The job of elected commissioners, as I understand it, is to craft policy and run the operations of Yamhill County government, not to sponsor feel-good exercises that "acknowledge" the Christian beliefs of some constituents. The U.S. Constitution was deliberately crafted as a secular document; it does not appeal to God, Christianity, Jesus, or any other entity or supreme being. It is unfortunate and disturbing that some of Yamhill County's highest office-holders either do not understand or agree with that.


Commissioner Springer seems to think that the bible & prayer are what will give the residents of Yamhill County good governance. He needs to keep in mind that we live in a Democracy, not a Theocracy. He wasn't elected to lead us like Moses, just be a good commissioner. Give up the prayer & govern, without pandering to the religious right.

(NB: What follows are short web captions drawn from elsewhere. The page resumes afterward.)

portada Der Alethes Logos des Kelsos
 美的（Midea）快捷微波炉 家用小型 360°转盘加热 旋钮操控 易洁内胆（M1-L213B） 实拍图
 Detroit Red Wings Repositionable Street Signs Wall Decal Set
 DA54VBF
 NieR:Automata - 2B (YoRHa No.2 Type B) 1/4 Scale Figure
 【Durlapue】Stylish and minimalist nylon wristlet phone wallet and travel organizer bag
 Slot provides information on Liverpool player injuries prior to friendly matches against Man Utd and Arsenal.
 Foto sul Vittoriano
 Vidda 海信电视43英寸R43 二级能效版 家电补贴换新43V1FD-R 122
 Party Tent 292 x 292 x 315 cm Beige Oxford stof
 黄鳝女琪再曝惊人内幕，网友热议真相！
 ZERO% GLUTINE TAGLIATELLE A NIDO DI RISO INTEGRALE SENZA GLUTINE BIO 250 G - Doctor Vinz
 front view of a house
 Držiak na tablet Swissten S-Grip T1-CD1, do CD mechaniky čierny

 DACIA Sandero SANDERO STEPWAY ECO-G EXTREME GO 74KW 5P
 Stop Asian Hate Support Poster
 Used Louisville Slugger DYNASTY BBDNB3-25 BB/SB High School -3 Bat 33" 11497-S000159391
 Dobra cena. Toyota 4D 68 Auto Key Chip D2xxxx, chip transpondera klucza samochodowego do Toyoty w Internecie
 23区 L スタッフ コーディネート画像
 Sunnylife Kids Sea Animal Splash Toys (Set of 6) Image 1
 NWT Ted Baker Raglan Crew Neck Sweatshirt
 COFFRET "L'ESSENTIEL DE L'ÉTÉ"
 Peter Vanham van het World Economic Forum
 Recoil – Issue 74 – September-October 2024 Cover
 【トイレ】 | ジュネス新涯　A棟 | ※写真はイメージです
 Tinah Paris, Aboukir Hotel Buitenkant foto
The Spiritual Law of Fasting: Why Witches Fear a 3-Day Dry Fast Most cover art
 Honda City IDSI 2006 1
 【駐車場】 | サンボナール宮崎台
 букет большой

Well said, David. However, I don't see the harm in an opening invocation at formal meetings, other than the offense it causes in some observers. I don't see it as any more of a "feel-good exercise" than the routine recitation of the Pledge of Allegiance at the meetings, which feels more coercive, to me, than having to endure a brief prayer. Some people find it meaningful, while others see it as an empty ritualistic gesture. I say, let the chairman run the meeting any way he wants to, until the line is crossed that clearly does violate constitution. And where that line is, exactly, will continue to be tested in the courts.


But, photoguy, pandering is what politicians do. Maybe it's possible to be a good commissioner without giving up the prayer.

David Bates

Since people aren't required to participate in either, why does the Pledge of Allegiance feel any more coercive than an optional prayer session? It seems to me that regardless of intent, the point when the chairman calls for the Pledge (or a prayer), the unspoken expectation is: "Okay, everyone fall into line and at least make a show of it."


The use of the word "coercive" may have been too strong, David. When the Pledge is recited, there is an expectation that everybody participate in the exercise, but non-compliance invites judgement of one's patriotism. When a prayer is offered, everyone is expected to remain silent, regardless of their position on it. It feels more "coercive" when active participation is expected.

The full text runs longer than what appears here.